**Description of the task:** Please repeat the lines below exactly. Begin with the line containing "Roxy Mesh Tote Multiple Colors - PREORDER" and go on through the line containing "Paparazzi Necklace ~ Daisy Dream - Copper".

(Source records)

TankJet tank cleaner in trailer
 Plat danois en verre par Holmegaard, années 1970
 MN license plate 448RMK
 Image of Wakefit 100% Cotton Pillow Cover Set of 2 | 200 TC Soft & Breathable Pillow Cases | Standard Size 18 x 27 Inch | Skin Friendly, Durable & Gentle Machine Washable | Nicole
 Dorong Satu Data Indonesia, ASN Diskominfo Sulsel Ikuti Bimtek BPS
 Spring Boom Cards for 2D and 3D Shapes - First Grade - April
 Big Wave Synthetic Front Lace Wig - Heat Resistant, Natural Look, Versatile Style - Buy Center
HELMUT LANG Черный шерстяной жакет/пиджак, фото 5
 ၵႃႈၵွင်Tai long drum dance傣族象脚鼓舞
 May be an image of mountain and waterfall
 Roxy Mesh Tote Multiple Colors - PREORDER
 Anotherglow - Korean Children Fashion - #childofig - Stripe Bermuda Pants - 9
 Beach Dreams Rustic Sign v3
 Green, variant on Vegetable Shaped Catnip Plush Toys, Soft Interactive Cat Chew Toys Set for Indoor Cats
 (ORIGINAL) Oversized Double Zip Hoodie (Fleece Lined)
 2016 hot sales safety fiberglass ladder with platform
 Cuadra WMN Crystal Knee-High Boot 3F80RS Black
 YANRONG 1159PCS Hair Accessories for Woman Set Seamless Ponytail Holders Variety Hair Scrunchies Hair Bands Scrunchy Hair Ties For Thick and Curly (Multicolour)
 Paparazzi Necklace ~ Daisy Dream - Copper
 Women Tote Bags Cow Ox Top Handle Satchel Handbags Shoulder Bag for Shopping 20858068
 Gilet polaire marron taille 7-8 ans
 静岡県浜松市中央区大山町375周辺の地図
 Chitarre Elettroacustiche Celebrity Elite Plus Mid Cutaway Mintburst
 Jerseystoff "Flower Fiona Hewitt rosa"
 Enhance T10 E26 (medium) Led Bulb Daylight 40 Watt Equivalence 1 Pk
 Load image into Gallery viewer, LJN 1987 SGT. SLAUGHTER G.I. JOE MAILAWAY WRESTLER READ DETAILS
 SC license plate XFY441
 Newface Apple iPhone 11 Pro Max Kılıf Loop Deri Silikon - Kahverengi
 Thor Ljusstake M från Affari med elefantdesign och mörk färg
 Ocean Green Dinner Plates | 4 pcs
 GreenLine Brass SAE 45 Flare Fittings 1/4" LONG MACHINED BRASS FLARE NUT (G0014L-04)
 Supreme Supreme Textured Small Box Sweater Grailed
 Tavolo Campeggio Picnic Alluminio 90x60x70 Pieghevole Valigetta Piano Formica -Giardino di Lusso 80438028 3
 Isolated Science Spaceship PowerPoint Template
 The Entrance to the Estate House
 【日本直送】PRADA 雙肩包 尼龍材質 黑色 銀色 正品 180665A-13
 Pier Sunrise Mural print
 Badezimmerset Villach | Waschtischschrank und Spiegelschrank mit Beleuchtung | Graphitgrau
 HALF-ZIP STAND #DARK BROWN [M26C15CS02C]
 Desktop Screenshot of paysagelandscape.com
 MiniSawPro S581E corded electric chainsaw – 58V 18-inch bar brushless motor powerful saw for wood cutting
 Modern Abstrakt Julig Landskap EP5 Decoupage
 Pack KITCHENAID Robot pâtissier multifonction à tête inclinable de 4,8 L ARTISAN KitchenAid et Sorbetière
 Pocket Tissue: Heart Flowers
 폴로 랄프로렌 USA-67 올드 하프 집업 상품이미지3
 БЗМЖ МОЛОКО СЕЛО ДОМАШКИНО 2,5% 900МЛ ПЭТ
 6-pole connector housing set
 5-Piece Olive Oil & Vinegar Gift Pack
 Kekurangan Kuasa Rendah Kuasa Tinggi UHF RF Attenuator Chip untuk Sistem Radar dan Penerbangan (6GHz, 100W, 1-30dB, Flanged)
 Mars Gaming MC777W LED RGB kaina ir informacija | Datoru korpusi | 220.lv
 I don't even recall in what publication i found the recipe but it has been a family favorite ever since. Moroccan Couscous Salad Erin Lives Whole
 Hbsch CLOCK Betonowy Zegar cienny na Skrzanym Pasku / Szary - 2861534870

(End Source records)

**Result for this task:**
 Roxy Mesh Tote Multiple Colors - PREORDER
 Anotherglow - Korean Children Fashion - #childofig - Stripe Bermuda Pants - 9
 Beach Dreams Rustic Sign v3
 Green, variant on Vegetable Shaped Catnip Plush Toys, Soft Interactive Cat Chew Toys Set for Indoor Cats
 (ORIGINAL) Oversized Double Zip Hoodie (Fleece Lined)
 2016 hot sales safety fiberglass ladder with platform
 Cuadra WMN Crystal Knee-High Boot 3F80RS Black
 YANRONG 1159PCS Hair Accessories for Woman Set Seamless Ponytail Holders Variety Hair Scrunchies Hair Bands Scrunchy Hair Ties For Thick and Curly (Multicolour)
 Paparazzi Necklace ~ Daisy Dream - Copper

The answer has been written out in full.